A C++ syntax question involving non trivial templating and friend declaration

Question

Hi,

The following code should be self explanatory. I have two questions regarding the used syntax (which is the syntax that must be used). I'll be forever grateful if you could provide me with answers for these presented questions.

template <typename T>
struct A {
    template <typename S>
    void f (const A<S> &s);

    template <typename S>
    friend struct A; 
    // Question 1: why isn't the syntax 'friend struct A<S>' ? 
    // The semantic would stay, since we would like A<S> (for ANY S) to be friend of every A<T>..

    private:
        void g () const {}
};

template <typename T> 
template <typename S> // Question 2: Why can't the syntax be 'template <typename T, typename S>' ?
void A<T>::f (const A<S> &s) {
    s.g();
}

int main () {
    A<bool> abool;
    A<char> achar;

    abool.f(achar);
}

I have verified that indeed this is the only correct syntax (I'll be happy to find out I'm mistaken).
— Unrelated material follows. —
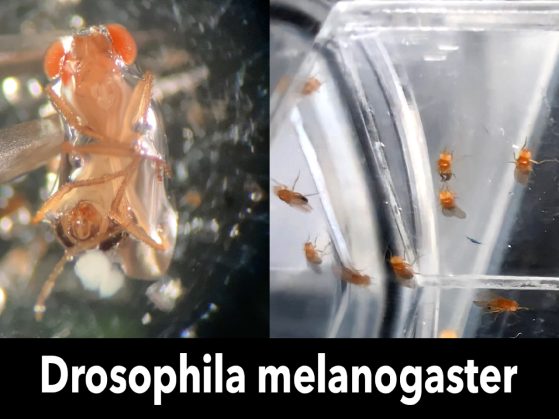 Dresophila melanogaster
My questions are more regarding the reasoning behind the syntax, as explained in the questions' body.

Thanks for any help.

Answer 1

why isn't the syntax ...

Why can't the syntax be ...

What do you expect us to say? Whoever decided this syntax (mostly Stroustrup himself, AFAIK) thought their syntax better than yours.

Which one is nicer or easier to remember I wouldn't know - but I do find theirs making more sense than yours. You're free to disagree, of course.
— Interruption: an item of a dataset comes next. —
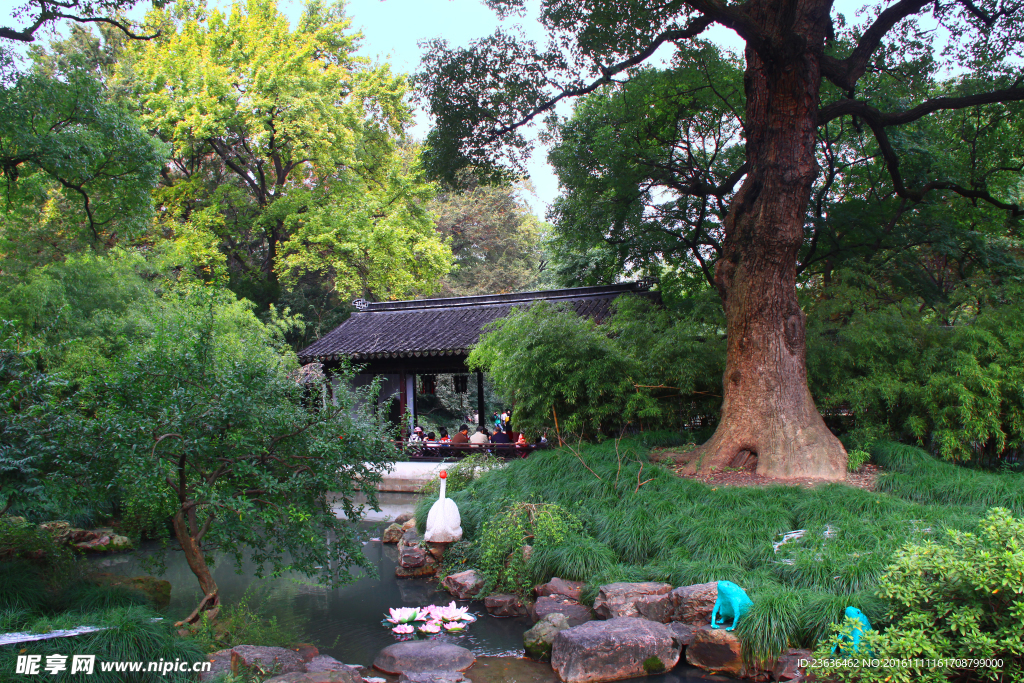 寄畅园 秋景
Edit: OK, Alexander has nicely answered question #2. About #1:

The difference is that A<S> names a type, which is what is expected for a function argument, while A by itself is the name of a template, from which types are to be created, which makes sense if you want to befriend a template instead of a type:

template <typename S>
void f (const A<S> &s); // A<S> being the name of a type

template <typename S>
friend struct A; // A being the name of a template

You can befriend a specific template instance instead of the whole template, but for that the template must already be known by the compiler (i.e., declared) at the friend declaration:

template< typename T >
class foo;

class bar {
  friend class foo<int>; // foo<int> being the name of a specific instance of foo
};

So befriending a template is an exception (the "usual" friend declarations declares a function or class) and does need the differing syntax.

Answer 2

Albeit I can't say why this syntax was choosen, I can just say that I would support both decisions made by the language designers - they make sense to me. In Question 2, you have not only one template, you have two nested templating levels. Why should the syntax to define a template member of a template class hide this fact? This way, it's just a re-combination of existing template syntax, while yours would require special rules to merge the template arguments for nested templates in one template<>.

Answer 3

Suppose your nested template declaration were just a little more complicated:

template <typename T, int I>
struct A {
    template <typename S, I>
    void f (const A<S, I> &s);

    template <typename S, int J>
    friend struct A; 
    // Question 1: why isn't the syntax 'friend struct A<S, J>' ? 
    // The semantic would stay, since we would like A<S, J> (for ANY S, J combination) to be friend of every A<T, I>..

    private:
        void g () const {}
};

template <typename T, int I> 
template <typename S> // Question 2: Why can't the syntax be 'template <typename T, int I, typename S>' ?
void A<T>::f (const A<S> &s) {
    s.g();
}

int main () {
    A<bool, 5> abool;
    A<char, 7> achar;

    abool.f(achar);
}

Suddenly your suggestion doesn't seem so reasonable or obvious anymore. Which set of arguments goes first? Suppose you were using C++0x and had a variable argument list?

As for the friend declaration, by having the syntax you propose (friend struct <S, J>), you suddenly make the compiler have to deduce that S and J are meant as template arguments and should not be grabbed from some random scope. Suppose someone introduced a type S at the same scoping level as struct A? Which S would the declaration friend struct A<S,J> refer to? How would the compiler know? Is it reasonable to have the introduction of a name in an outer scope to radically change the meaning of a declaration in a nested scope?

And if you meant that the declaration should read, in total: template <typename S, int J> friend struct A<S, J>, then why should a friend forward template declaration look any different from a standard template declaration? It's redundant to include the names of the template variables after the name of the template when you already mention them in the template <typename S, int J> part.

I also think your suggested syntax would make figuring out what a template specialization is doing a lot harder because you'd have to look at more parts of the code and correlate things.

As an example, a template specialization of my version of A would look like this:

template <typename T>
struct A<T, 5> {
};

And as you can see, this is strangely close to your suggested friend forward declaration syntax, and it might be hard to tell whether or not you're intending to specify a specialized version or not. It would require matching up template arguments with template parameters whereas in the way it's currently done, if you have no template parameters you aren't talking about a specialization.